日本の戦後復興の過程で、居住単位にかかわるさまざまな探求があった。後押ししたのは1951年の公営住宅法の施行、54年に住宅金融公庫、55年に日本住宅公団の創設である。その流れの中で公団住宅・郊外団地が整い、そこで住戸の基本型が確立していった。プレファブ住宅による戸建住宅供給も活性化し、さらに日本が復興を果たしてからはマンション、コーポラティブ住宅などの類型が育ち、また住宅の高層化も進んだ。核家族の定着とともにあった高度成長は、しだいに家族のバリエーションが増え、住まい方に即した個性、家族の事情に合わせたプランが重視される時代となる。これからは、すでに進んでいる高齢社会への対応、育児における家族連携への転換などによって、住まいのかたちもよりよく変わってゆくだろう。

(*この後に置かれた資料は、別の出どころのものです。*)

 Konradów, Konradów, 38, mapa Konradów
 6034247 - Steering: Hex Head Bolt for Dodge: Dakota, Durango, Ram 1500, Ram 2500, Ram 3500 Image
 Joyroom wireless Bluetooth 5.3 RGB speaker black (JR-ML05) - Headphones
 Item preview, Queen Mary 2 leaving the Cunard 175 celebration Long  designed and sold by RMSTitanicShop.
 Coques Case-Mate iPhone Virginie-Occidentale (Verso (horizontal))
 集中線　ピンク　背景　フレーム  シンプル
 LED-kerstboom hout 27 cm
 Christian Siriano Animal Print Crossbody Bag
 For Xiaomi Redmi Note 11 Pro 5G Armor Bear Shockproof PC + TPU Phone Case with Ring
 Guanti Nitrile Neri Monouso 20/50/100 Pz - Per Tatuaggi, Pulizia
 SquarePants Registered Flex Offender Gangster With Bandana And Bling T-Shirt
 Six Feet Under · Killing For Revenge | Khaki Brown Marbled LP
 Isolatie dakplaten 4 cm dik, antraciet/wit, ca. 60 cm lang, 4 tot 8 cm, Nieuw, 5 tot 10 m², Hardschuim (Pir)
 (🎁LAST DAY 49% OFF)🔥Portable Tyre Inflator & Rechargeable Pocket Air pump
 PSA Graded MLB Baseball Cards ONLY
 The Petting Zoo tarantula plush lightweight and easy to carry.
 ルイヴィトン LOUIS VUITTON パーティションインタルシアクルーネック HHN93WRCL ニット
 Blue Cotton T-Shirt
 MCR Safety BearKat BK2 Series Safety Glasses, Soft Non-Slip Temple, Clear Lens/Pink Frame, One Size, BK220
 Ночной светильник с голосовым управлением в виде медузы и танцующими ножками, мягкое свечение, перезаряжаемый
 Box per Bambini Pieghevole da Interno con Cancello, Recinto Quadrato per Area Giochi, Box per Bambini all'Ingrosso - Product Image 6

では、すでにできてしまった住宅はどうなるのか。ある時期の家族の目的にかなった住宅は、家族が巣立ち、変わってしまうと的確には対応しにくい。一方で、日本はまだまだ中古住宅市場が弱い。減築や増築、売買活性化によるマッチング、建材の再活用などはこれから深化させるべき社会的テーマであり、新たなビジネスのステージになるのではないか。
おそらくこれらは日本だけの課題ではない。20年ほど前に中国東北部の都市を何度か訪れたとき、そのたびに空港から中心市街地の間を高層マンションがどんどん増えていた姿を思い出す。ロシア風とも見えた低層住宅もあっという間に入れ替わるのだ。で、その先はどうなるのか。のちに東南アジアでも同じような状況を目にしたが、できあがってしまった高層住宅をめぐる未来は世界が共有する課題と感じる。
既存建築をめぐる問題は、新型コロナウイルス感染症流行をきっかけとして進んだ、オフィスのありようについても当てはまる。<すでにできてしまったもの>をどうするかは、は専門家が腕をふるうべき領域である。